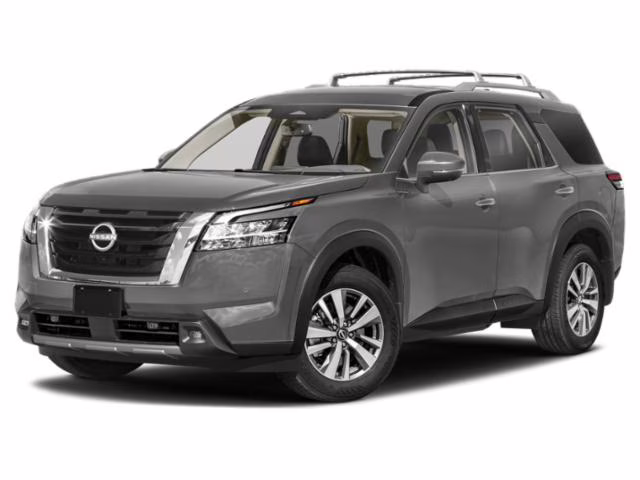 2023 Gun Metallic Nissan Pathfinder SL FWD SUV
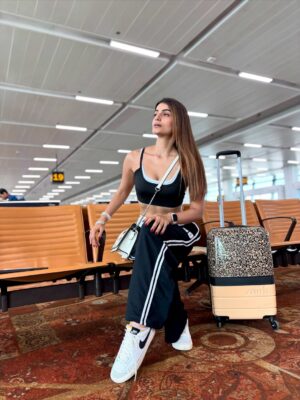 Ishita Arora Instagram - Quick euro run, brb 🏃🏼♀️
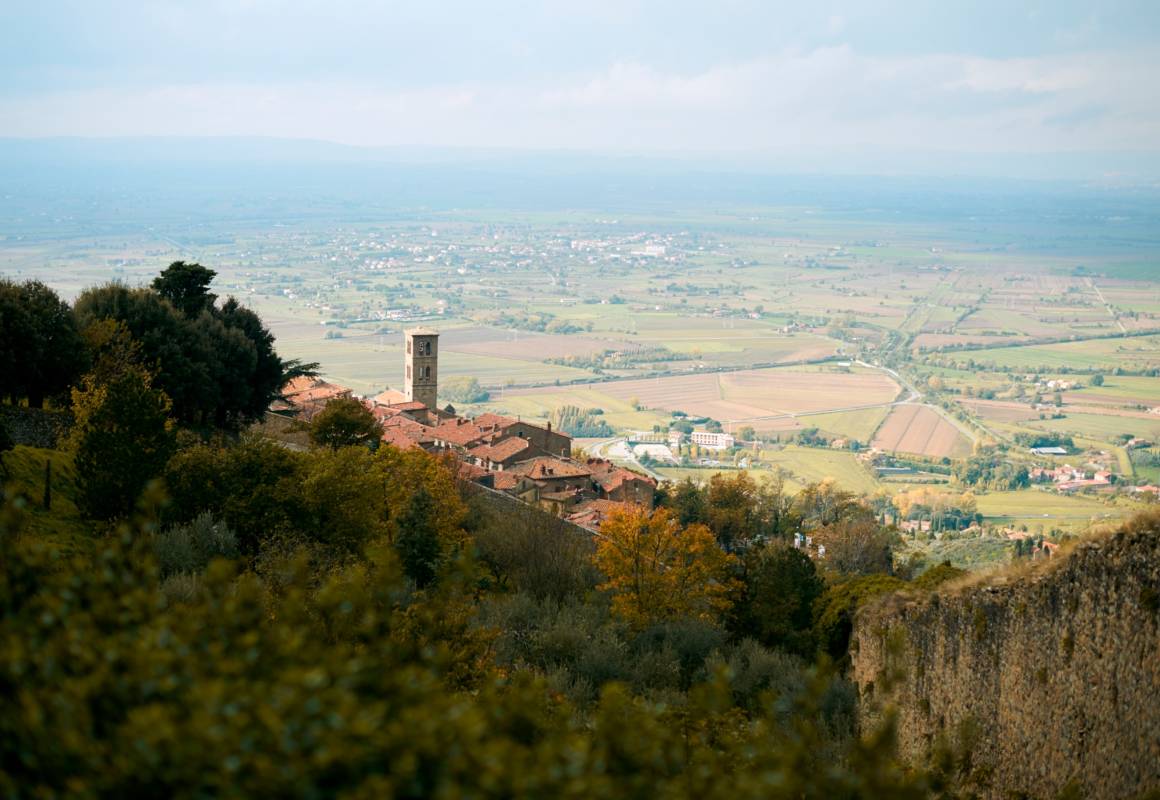 Panorama de Cortona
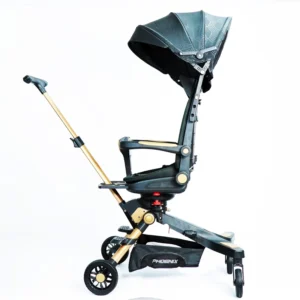 Portable Folding Toddler Baby Buggy 3 in 1 Stroller Adjustable Baby Strollers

Aim of the task ::
Beginning with the line that contains "Panorama de Cortona", output each line of the material above through the last one exactly as it stands. Do not include the pictures.

Result of the task ::
 Panorama de Cortona
 Portable Folding Toddler Baby Buggy 3 in 1 Stroller Adjustable Baby Strollers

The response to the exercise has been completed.